Quoting from Dimonguez's paper above, in prior research (this is mentioned in both papers)
In their study of the press’ treatment of the president, Michael Baruch Grossman and Martha Joynt Kumar (1981, 259-265; 275-279) found that during the inaugural year, the press covered the president in greater volume and in a more positive light than later in the term. Their analysis showed that early coverage was favorable to presidents because reporters rely heavily on official White House briefings while they develop their own administration sources, and because reporters and editors believe announcements of policy proposals and profiles of new Members of the administration are inherently newsworthy. If conflicts or scandals emerge in the first few months of a presidency, the press will cover them in ways that might be perceived as negative toward the president, but barring major mis-steps, presidents can expect their press coverage to be neutral or positive.
(Unless you are Trump. All bets are off there, it's a hate-hate relationship, he even ticked off Fox News, for better variety :).
3. Also a "honeymoon period" with the public, partly caused by favorable press coverage.
Reasonable people will give you SOME benefit of the doubt before judging you on what you did.
Partially in response to that favorable press coverage, the president has been found to have a honeymoon with the public during his first few months in office. Approval ratings are stable and higher than average during their first few months. ... At the beginning of an administration, when polls ask whether respondents approve of the job the president is doing, partisans of the president respond by saying they approve of his performance, as do a sizeable number of independents and opponents who will change their minds once he actually builds a record on which to make judgments. Many others offer “no opinion”(Brody 1991, 28-44).

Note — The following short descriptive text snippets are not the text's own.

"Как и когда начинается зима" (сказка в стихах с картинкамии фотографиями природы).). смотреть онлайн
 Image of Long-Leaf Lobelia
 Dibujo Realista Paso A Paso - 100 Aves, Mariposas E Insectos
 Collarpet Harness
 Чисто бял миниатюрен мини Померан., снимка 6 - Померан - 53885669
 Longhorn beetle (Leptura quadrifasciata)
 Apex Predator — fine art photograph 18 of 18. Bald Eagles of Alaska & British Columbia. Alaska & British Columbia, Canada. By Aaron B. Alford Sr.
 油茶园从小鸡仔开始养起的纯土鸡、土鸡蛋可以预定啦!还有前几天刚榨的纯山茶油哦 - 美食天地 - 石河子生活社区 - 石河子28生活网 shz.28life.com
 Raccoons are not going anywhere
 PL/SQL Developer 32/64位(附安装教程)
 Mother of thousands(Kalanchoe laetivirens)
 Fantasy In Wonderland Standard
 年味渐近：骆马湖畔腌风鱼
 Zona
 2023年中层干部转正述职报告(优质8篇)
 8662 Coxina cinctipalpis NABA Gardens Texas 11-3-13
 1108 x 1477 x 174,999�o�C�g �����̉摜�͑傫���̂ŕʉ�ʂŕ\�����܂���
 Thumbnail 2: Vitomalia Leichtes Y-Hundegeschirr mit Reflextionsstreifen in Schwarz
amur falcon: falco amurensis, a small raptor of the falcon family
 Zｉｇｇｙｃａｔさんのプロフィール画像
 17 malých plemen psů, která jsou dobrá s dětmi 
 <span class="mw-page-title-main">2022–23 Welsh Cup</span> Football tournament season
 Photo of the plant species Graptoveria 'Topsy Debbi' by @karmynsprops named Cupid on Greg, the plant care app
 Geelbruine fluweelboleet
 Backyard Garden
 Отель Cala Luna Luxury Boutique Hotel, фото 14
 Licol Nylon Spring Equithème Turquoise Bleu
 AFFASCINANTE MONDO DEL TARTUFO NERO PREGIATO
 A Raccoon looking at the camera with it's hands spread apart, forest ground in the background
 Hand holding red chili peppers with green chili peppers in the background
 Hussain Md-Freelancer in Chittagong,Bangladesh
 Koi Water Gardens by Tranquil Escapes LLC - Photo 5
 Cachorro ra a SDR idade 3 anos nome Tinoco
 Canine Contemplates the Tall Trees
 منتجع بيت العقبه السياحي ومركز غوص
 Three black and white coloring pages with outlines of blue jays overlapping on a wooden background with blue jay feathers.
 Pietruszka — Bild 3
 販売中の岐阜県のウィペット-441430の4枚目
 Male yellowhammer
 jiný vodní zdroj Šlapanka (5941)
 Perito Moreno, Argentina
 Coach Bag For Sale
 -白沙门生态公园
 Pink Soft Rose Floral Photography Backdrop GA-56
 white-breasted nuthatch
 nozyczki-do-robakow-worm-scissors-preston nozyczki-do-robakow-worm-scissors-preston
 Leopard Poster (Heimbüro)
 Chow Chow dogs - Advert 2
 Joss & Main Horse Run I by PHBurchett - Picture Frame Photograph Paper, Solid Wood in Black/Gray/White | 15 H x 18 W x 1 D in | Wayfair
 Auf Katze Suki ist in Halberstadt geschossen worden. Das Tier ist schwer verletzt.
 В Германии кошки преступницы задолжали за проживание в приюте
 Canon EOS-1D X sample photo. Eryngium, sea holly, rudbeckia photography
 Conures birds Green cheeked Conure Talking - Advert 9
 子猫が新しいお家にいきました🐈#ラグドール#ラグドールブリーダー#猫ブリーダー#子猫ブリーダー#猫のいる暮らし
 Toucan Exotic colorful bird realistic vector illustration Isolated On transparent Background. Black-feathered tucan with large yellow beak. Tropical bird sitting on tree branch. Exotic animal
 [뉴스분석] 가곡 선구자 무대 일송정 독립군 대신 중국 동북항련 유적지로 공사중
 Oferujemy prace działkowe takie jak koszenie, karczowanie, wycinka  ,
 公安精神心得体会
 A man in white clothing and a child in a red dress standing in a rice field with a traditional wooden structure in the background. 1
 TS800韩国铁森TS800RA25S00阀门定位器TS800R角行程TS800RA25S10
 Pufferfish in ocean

4. Better success with actual bills.
Research also shows that presidents have higher “success rates” when they take positions on bills before the Congress during their inaugural year than they do later in their terms (Dominguez 2005; Lockerbie, Borrelli and Hedger 1998).
Why 100 days specifically?
It's a nice very round number, perfect for a soundbite and a meme.
I wasn't able to find any conclusive proof, but following Wikipedia links, there appear to be two "scholarly" speculations:
Overall term and 100 days idea is claimed to have been originated with Elba-to-Waterloo period of Napoleon Bonaparte's return (source: Alter, "The Defining Moment: FDR's Hundred Days And the Triumph of Hope")
In politics, the claim is that FDR originated the term, by referring to (accidentally being exactly 100 day long) period of 73rd Congress session that created the New Deal. Ironically, that was NOT FDR's first 100 days as President.
So, why ~3-3.5 months?
Several likely reasons, all my speculation:
Less than 3 months, and you can't really get anything much done worth making into a memorable list.
Partly, because you need to assemble the team of higher ups AND hire underlings.
Partly, because a lot of things just need time to achieve, even the quick ones.
Partly, even for quick achievables, you only have so much bandwidth as administration, so you won't have a large and nice list to point to for a first week or two.
More than 3 months, and the honeymoon periods discussed above are over
More than 3 months, and attention span wavers.